Nor is the famous 'incentives' argument - that a switch from direct to indirect taxes would help motivate people - entirely persuasive. I am glad to see the Institute for Fiscal Studies now taking the Economist to task on this point, which I first saw argued by that doughty free marketeer Enoch Powell. Mr Powell rightly pointed out that people work for the goods and services that they can buy with their money, not for some idealised and nebulous concept of the money itself. Therefore switching tax from income to spending may have less effect on incentives than supposed.
The properly calculated tax rate on extra income for standard rate taxpayers is made up as follows: out of the extra pounds 1, they will pay 25p in income tax and a further 9p in employees' National Insurance Contributions (10p after April). They will be left with 66p to spend. The standard rate of VAT on that spending (assuming that there is no spending on goods subject to excises) is 17.5 per cent, which takes 9.8p out of 66p. So the rate of tax on the extra pound - the marginal rate - is 43.8p.
In short, the switch in 1979 that cut the income tax rate from 33p to 30p in the pound by raising the VAT rate from 8 to 15 per cent was a trick of the light. The switch in fact raised the marginal rate of tax from 44 per cent to 44.8 per cent. This point completely cuts across the separate argument about whether people work harder if you reduce their marginal tax rate, a debate which will keep economists busy for a long time yet. (Do the work-inducing effects of a cut in the marginal rate outweigh the soporific effects of gaining more post-tax income without any additional work?) This question does not arise, because the marginal rate has not fallen.
It is possible, of course, to increase taxes without affecting most people's incentives by broadening the base of the tax rather than increasing tax rates, but this point applies to either direct or indirect taxes.
The base of income tax can be broadened by reducing reliefs just as easily as VAT can be extended. And it is possible to reduce income tax reliefs without making the poor pay a disproportionate amount. However, it is impossible to widen the VAT base in any substantial way without hurting the poor.

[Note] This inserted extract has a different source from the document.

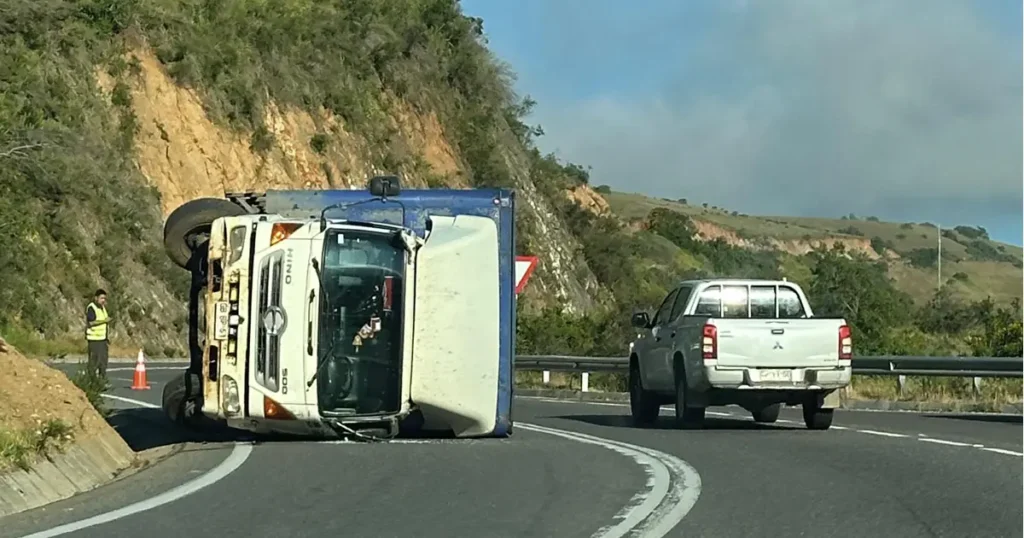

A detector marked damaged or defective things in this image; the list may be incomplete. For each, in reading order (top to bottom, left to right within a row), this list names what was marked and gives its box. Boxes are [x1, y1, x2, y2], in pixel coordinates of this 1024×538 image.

overturned truck [162, 178, 516, 438]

True, the best taxes from the point of view of maximising incentives are lump sum taxes, whereby everyone pays exactly the same amount regardless of their income and there is then a zero tax rate on extra earnings. This is a well- known finding of tax economics. But Lady Thatcher's experience with the poll tax, which was a lump sum tax, suggests that this point is best left in the theory textbooks. Economics is not just about some abstract concept of efficiency. It must also be about equity.
Another reason for avoiding a rise in indirect taxes is that it would stoke up the measured rate of inflation. I say the measured rate, because in theory a rise in indirect taxes gives only a once-off boost to the price level. After a year, it should drop out of the inflation rate (which is the annual comparison between this month's price level and the price level a year ago). The inflation rate will then subside to its former pace. But that complacent view does not take account of human nature.
As the Bank of England points out in last week's quarterly bulletin, there is a danger that wage bargainers will react to a rise in the headline inflation rate by settling for 'excessively high nominal wages, followed by increases in producer prices unwarranted by the stance of monetary policy'. Translated from central bankspeak, a blip in the retail price index could push up wage claims and prices. This would either ratchet up inflation or cause a jobs shake- out.
The Bank was referring to the rise in the headline rate that is already in prospect in the first half of next year, as the cuts in mortgage interest rates earlier this year drop out of the annual comparison. But the Bank's point applies with equal force to new rises in indirect taxes.
History is on its side. The 1979- 81 recession was made far more severe as a result of the near- doubling of VAT in 1979 and a speed-up in wage claims. Even a modest extension of VAT to newspapers and books would add 0.3 per cent to the inflation rate when the Bank believes that there is a significant possibility of the underlying inflation rate (excluding mortgage rate) exceeding the Government's ceiling of 4 per cent.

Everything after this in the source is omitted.